One of the most optimisic signs on the horizon has been the plea, of prominent industrialists for better treatment of the Natives in order to use them more effectively in an expansion of the country’s industry. So far the Government has paid no heed to these industrial leaders. Their views are not taken seriously by Native opinion† which distrusts them. These industrialists do not talk to the Natives, and it is so easy for Communists who know the Natives, and often know them very well, to undermine the appeals of industrial leaders for a more tolerant attitude on race. Where Communists in South Africa have the advantage is that they are the only organization which is; assertedly in favor of complete racial equality. To say that they are not sincere carries no weight with the Natives because they know that even the white Liberals do not go this far, and the Natives want to believe in complete racial equality.[Page 1837]

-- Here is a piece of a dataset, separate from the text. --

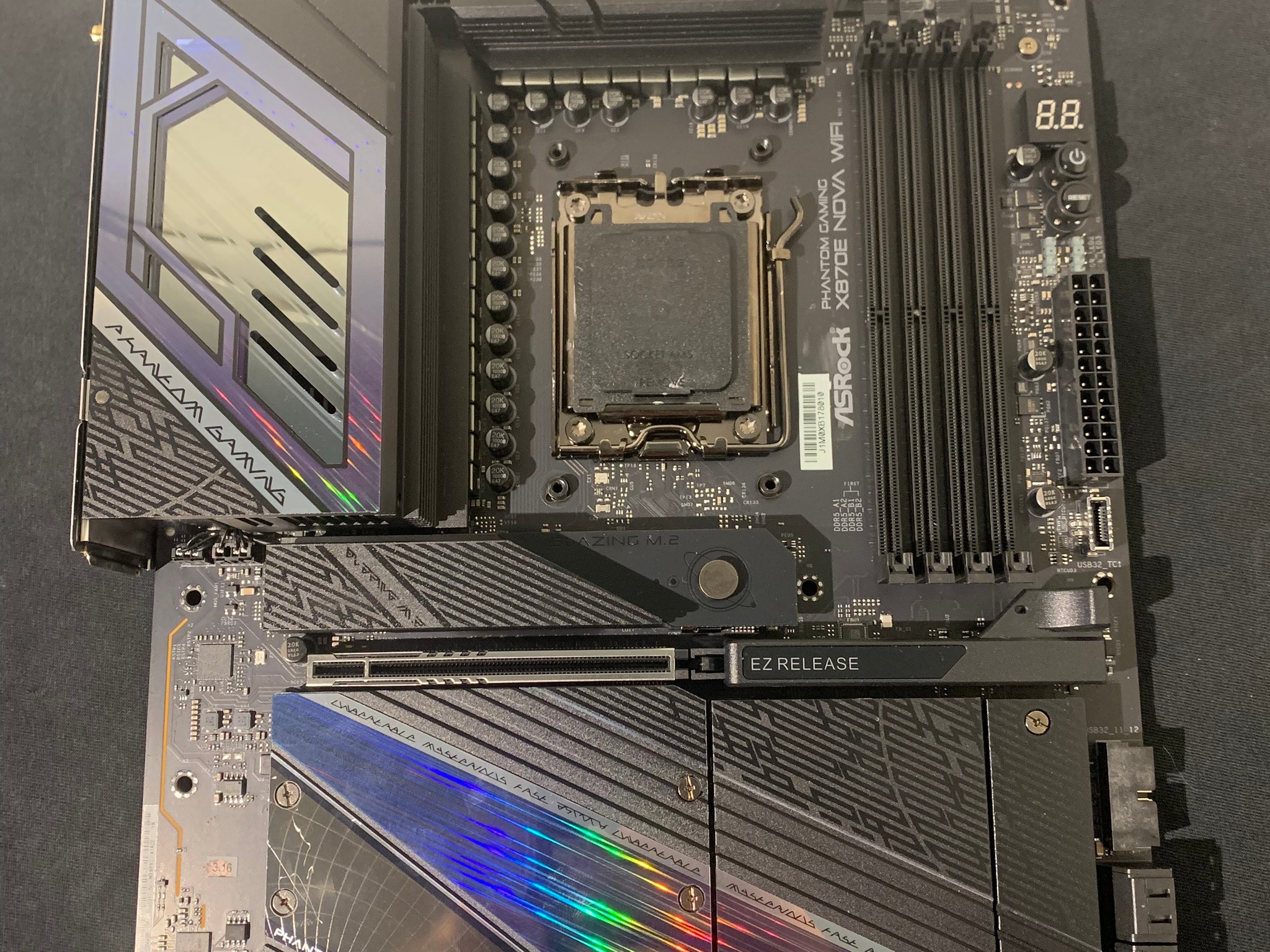 ASRock X870E Nova WIFI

It is difficult to speculate on what effect re-armament will have on Communist strength in the Union. Communist propaganda is hard at work preparing Native opinion to oppose the “white imperialist nations” if another world war comes. Present anti-Communist legislation and the dissolution of the CPSA will make any overt increase in Communist strength unlikely. It does seem probable, however, that in the event of another war, the Communists would attempt to provoke internal strife in the Union by agitating the Natives.
[Here follows the concluding portion of this despatch examining the caliber of Communist and non-Communist union leadership.]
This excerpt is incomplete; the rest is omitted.